The binary cams certainly do have their own feel. When set to 65 / 70% let off, you just sort of draw right onto the stop, where there is a 'bump' as you both drop into the valley (what there is of it) and up against the stop at pretty much the same time. I like it, but a lot of people don't.

I would like to try a Moneymaker, but I don't know if there are even any in the UK, let alone anyone who has one I could try.


----------



## Harperman (Sep 3, 2006)

I owned two Moneymakers, both with the Hybrid cam set-up......I shot Finger with both, and ended up setting the second one up with a loop for shooting a release....Here's my two cents on them....PROS....Holds on target VERY well, outstanding grip, very forgiving, behaves well at the shot, just enough bow reaction, but not shocky or buzzy, decent speed for the length and brace height specs, and actually pretty quiet, easy to set-up, and tune....CONS...Draw is a bit harsh, and the cams have to be synch'd very well for the finger draw that the individual archer uses, and in just the right rotation, or the valley will be very "Touchy", and the bow will want to GO!...This is not a bow that an archer can relax and get comfortable with at full draw...Over-all, in my opinion, the Moneymaker is an excellent bow for a Finger shooter to shoot Targets with, after a proper set-up to suit the individual, but I wouldnt care for it as a Hunting bow...The Moneymaker is also pretty light, and seems to be more of an Open Class design, in that a single Hunter class stabilizer didnt seem to make mine balance well....All of this is just my opinion, and keep in mind that I was really struggling with T.P. when I owned these bows,...... when I set the second Moneymaker up with a loop, and shot a B.T. Hinge release for a couple days, I went to a 3-D shoot, shot Hunter class, and shot a 286 on a tough course, (with the draw length at least 1/2" too long).....The Moneymaker is very shootable....Hope this helps......Take care.....Jim


----------



## blakey (May 5, 2010)

Harperman said:


> I owned two Moneymakers, both with the Hybrid cam set-up......


Thankyou very much for that info.

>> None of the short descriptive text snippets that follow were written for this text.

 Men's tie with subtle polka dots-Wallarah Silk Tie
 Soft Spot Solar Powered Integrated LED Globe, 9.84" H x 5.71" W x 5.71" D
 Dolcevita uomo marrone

I think with all you've said, and what I've heard from others, might be that the single cam is easier on fingers? But now after hearing all your opinions, I'm wondering whether I should actually look at designated fingershooting bows? My Martin is very good, just very old. Maybe I should just update. thanx for all your input. Cheers


----------



## NeilM (May 22, 2006)

Blakey, I'm afraid with the exception of maybe Barnsdale, there is no longer such a thing as a finger bow, at least not when it comes to compounds. There are just bows that are more suited to finger shooting.

A lot depends on your draw length, what you are going to use the bow for and what kind of arrow speed you want.

I'm in the UK and only shoot field / 3D targets, so I want a fast bow. I have a 30.5" DL, so I need longer axle to axle and I like a very fast release, so hybrid / Binary cams suit me well. All of that said, the best finger archer in the UK has a longer DL than me and used to win everything with a Mathews Drenalin LD, so what suits one archer may not suit another.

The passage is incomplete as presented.